Celles qui sont revenues ne sont plus pareilles. Beaucoup ont subi des violences sexuelles, des mariages et des conversions forcées, certaines ont entre-temps donné naissance à des enfants. Toutes n’ont pas eu la chance de retrouver leurs parents: plusieurs seraient mortes en captivité, d’autres comme kamikazes. Depuis ce 14 avril, Boko Haram a systématiquement envoyé des femmes commettre des attentats. Selon le groupe de réflexion Council on Foreign Relations, environ deux tiers des attentats du groupe ont été menés par des femmes. Une stratégie destinée à «économiser» les combattants masculins pour des missions plus importantes, selon l’International Crisis Group.
Comme à Chibok, les femmes sont particulièrement touchées par les violences des groupes islamistes qui se propagent au Sahel. Pourtant, «les femmes sont quasiabsentes des débats sur la lutte contre la violence extrémiste, encore dominés par des considérations militaires», explique Nicoletta Barbera, responsable de programme pour l’Afrique à l’Institut américain pour la paix (USIP). Les efforts des gouvernements se concentrent sur les interventions militaires, souvent contre-productives, en particulier au Sahel, ainsi que le dialogue avec les leaders politiques et religieux – majoritairement des hommes. Les facteurs sociopolitiques, tels que l’accès à la terre et aux ressources naturelles, la corruption ou la pauvreté, sont rarement pris en compte, quand bien même ils sont instrumentalisés par les jihadistes pour recruter.
«Malgré leur rôle central dans la prévention de l’extrémisme, les femmes sont rarement considérées comme des partenaires», explique Nicoletta Barbera, qui dirige à l’USIP un programme qui travaille avec des femmes touchées par l’extrémisme au Nigeria, Niger, Burkina Faso et Mali. Du fait de leur place centrale au sein de la famille et de la communauté, les mères sont particulièrement influentes auprès des jeunes, premières cibles des recruteurs.
Le programme de l’USIP vise ainsi à créer un réseau de femmes qui défendent leurs communautés auprès des autorités locales, et à fournir des stratégies de déradicalisation aux côtés d’organisations féminines locales. «Souvent, les femmes reconnaissent très rapidement les signes de radicalisation. Elles collaborent avec les autorités locales pour chercher des alternatives aux mesures sévères, comme les peines de prison préventives», explique Nicoletta Barbera.

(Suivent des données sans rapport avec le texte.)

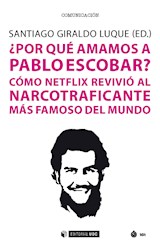  ¿Por qué amamos a Pablo Escobar? Cómo Netflix revivió al narcotraficante más famoso del mundo )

Joy Bishara, une survivante de Chibok, veut aider les femmes victimes de violences.
© Bonnie Cash/UPI/laif
L’éducation est un facteur central dans le renforcement du rôle des femmes : c’est pourquoi le Global Community Engagement and Resilience Fund, un fonds mondial pour la prévention de l’extrémisme, a financé des projets dans la région du Sahel. Au Mali, ce sont ainsi 10 338 femmes qui ont été formées à la prévention de l’extrémisme et des conflits. Au Mali et au Burkina Faso, 297 radios communautaires sensibilisent au problème de la radicalisation. Au Nigeria, l’ONG Women without Borders a lancé en 2015 le projet MotherSchools, pour prévenir la radicalisation et implanter des processus de paix. De son côté, la Neem Foundation aide à réinsérer environ 1250 personnes par mois – anciens combattants et victimes.
Deux rescapées de Chibok veulent s’engager activement contre la radicalisation. Joy Bishara souhaite fonder une organisation d’aide à Chibok, et Lydia Pogu ambitionne de devenir avocate des droits humains «pour rendre justice aux gens et aux filles de Chibok». Car comme elle avait déclaré au magazine People : «Boko Haram ne doit plus déterminer comment les femmes doivent vivre.»